Data for review section start

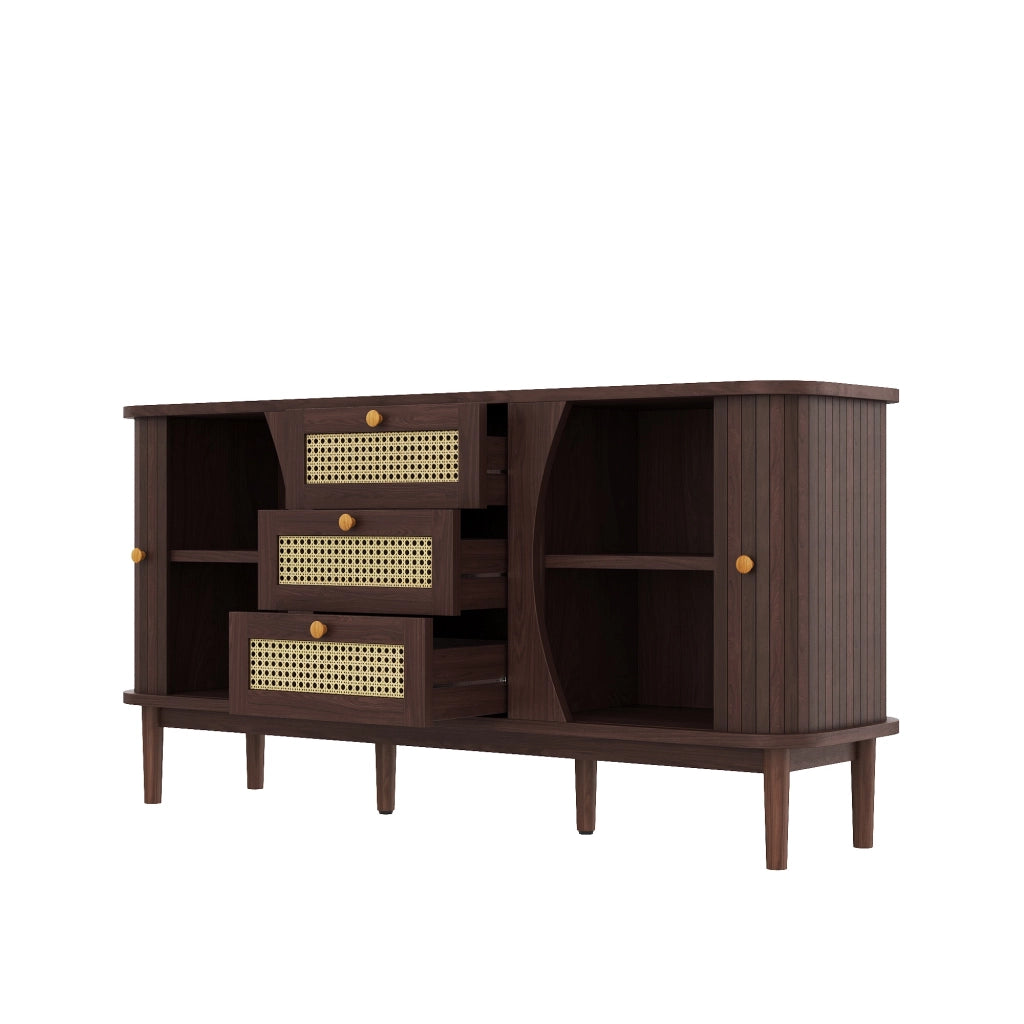 Credenza con Ante Scorrevoli e Ripiani Regolabili in Rattan ¨C MINIMAL ¨C Design Naturale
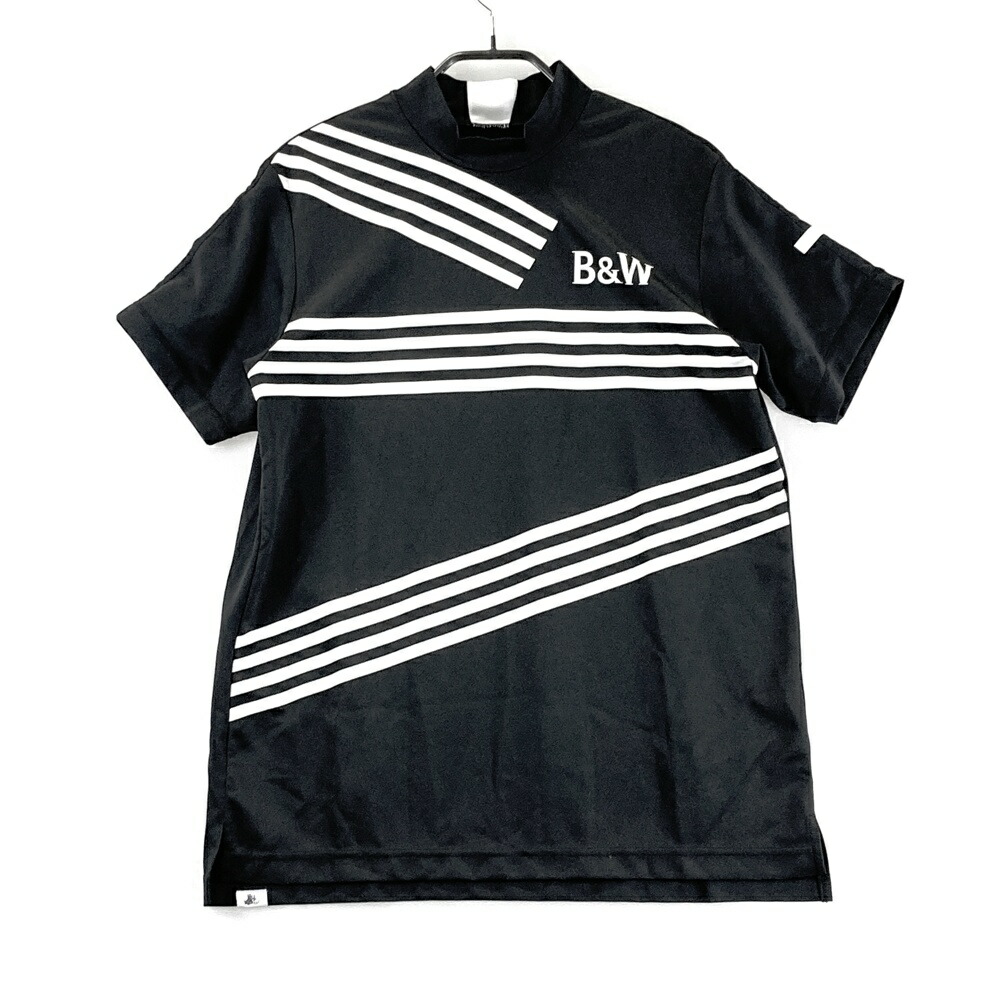 BLACK&WHITE ブラックアンドホワイト ハイネック半袖Tシャツ ブラック系 M 【中古】ゴルフウェア メンズ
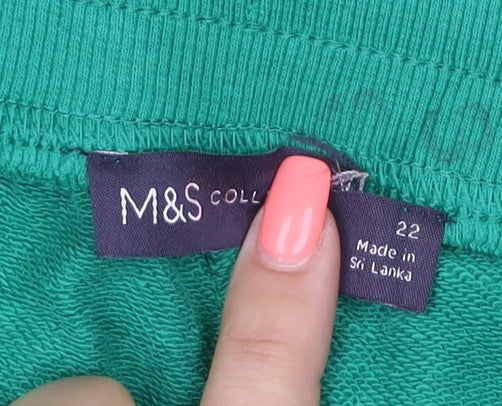 Marks and Spencer Women's Green Size 22 Jersey Sweat Shorts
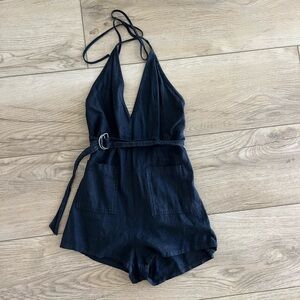 Black Free People Linen Romper with Belt Size 2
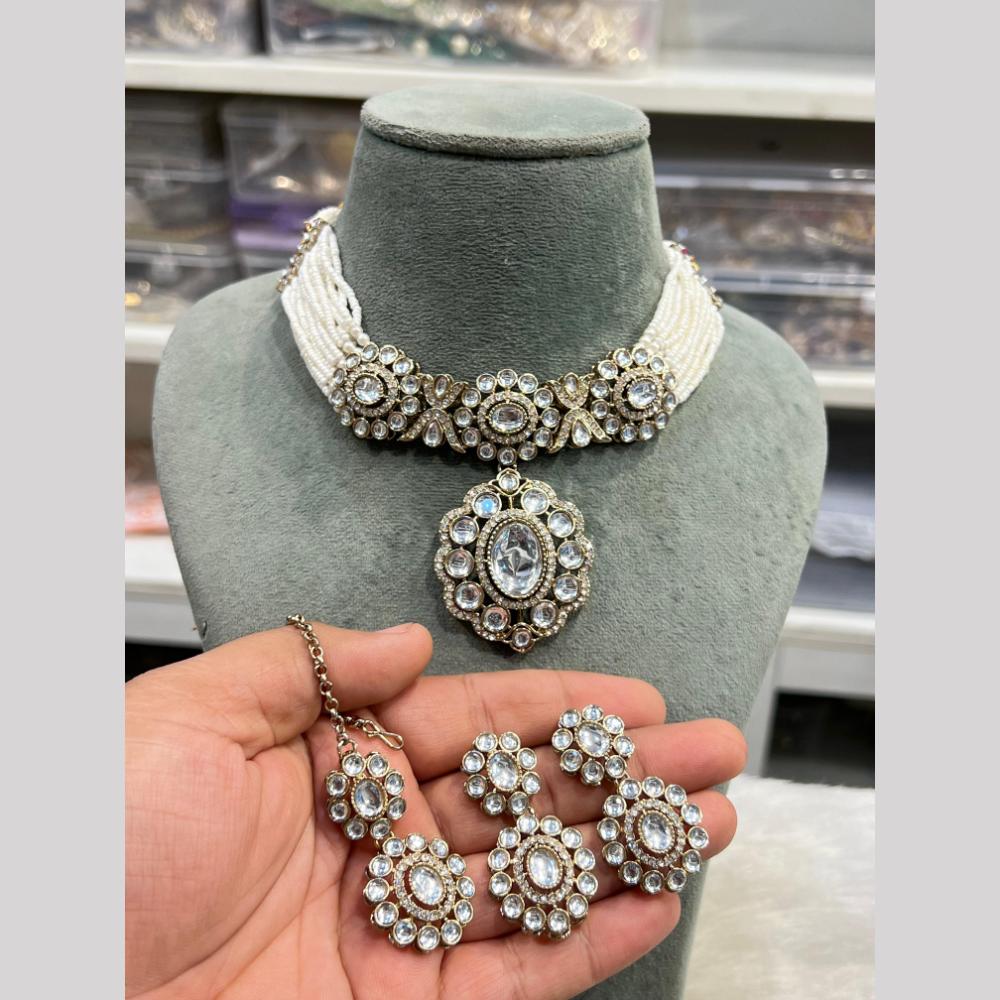 Hira Collections Gold Plated Kundan And Pearls Necklace Set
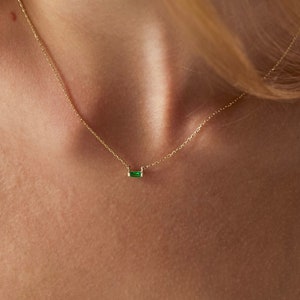 14k Gold Emerald Necklace, Emerald Necklace, Baguette Necklace, Solid Gold Necklace, Dainty Necklace, Choker Necklace, Personalized Necklace image 1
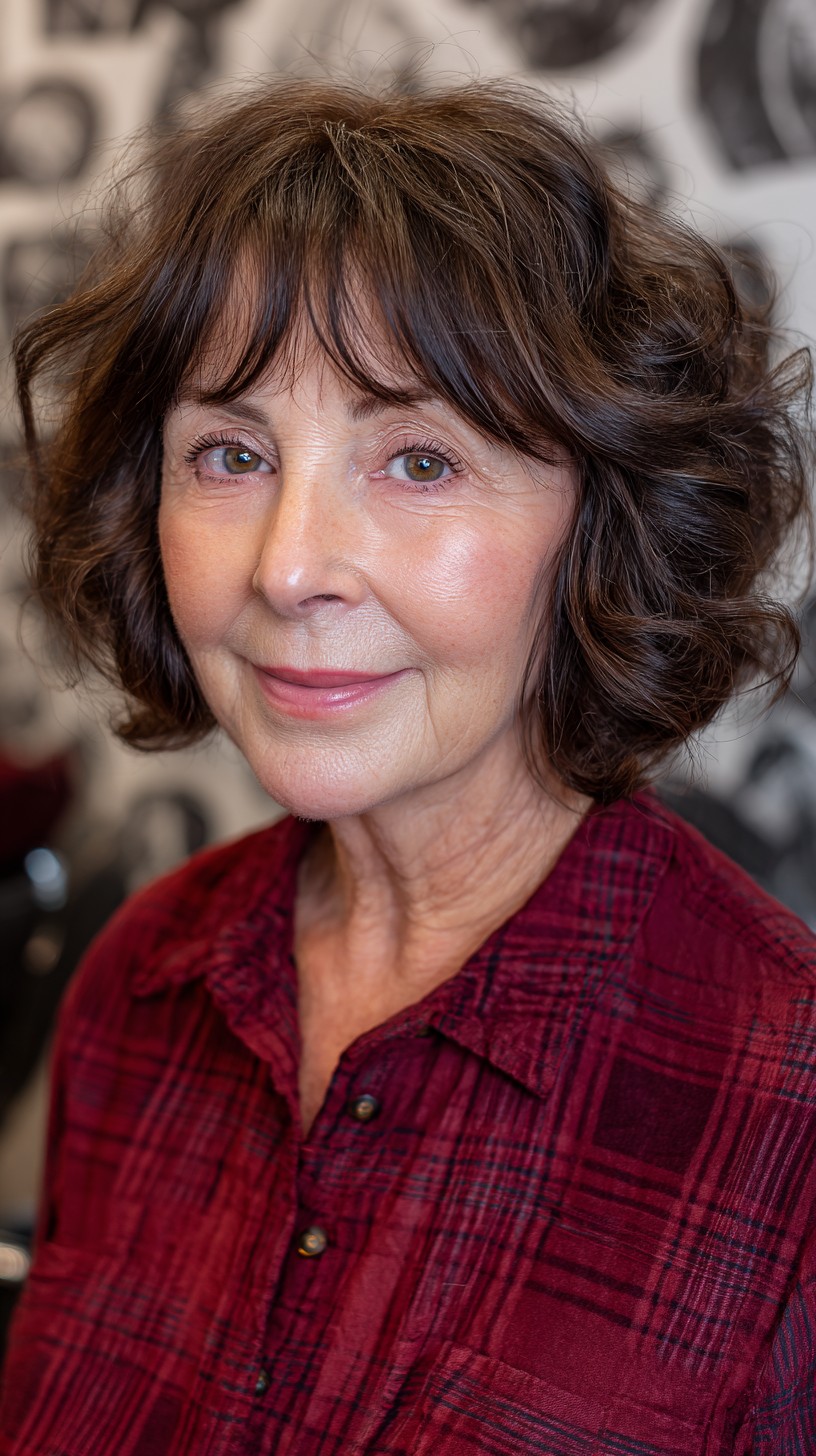 Charming Chestnut Curls with Soft Curtain Bangs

Data for review section end

• _Work to be completed_: Only the lines between the one containing "Black Free People" and the last line of the listing above, both included, should be written out, exactly and without pictures.

• _Solved problem_:
 Black Free People Linen Romper with Belt Size 2
 Hira Collections Gold Plated Kundan And Pearls Necklace Set
 14k Gold Emerald Necklace, Emerald Necklace, Baguette Necklace, Solid Gold Necklace, Dainty Necklace, Choker Necklace, Personalized Necklace image 1
 Charming Chestnut Curls with Soft Curtain Bangs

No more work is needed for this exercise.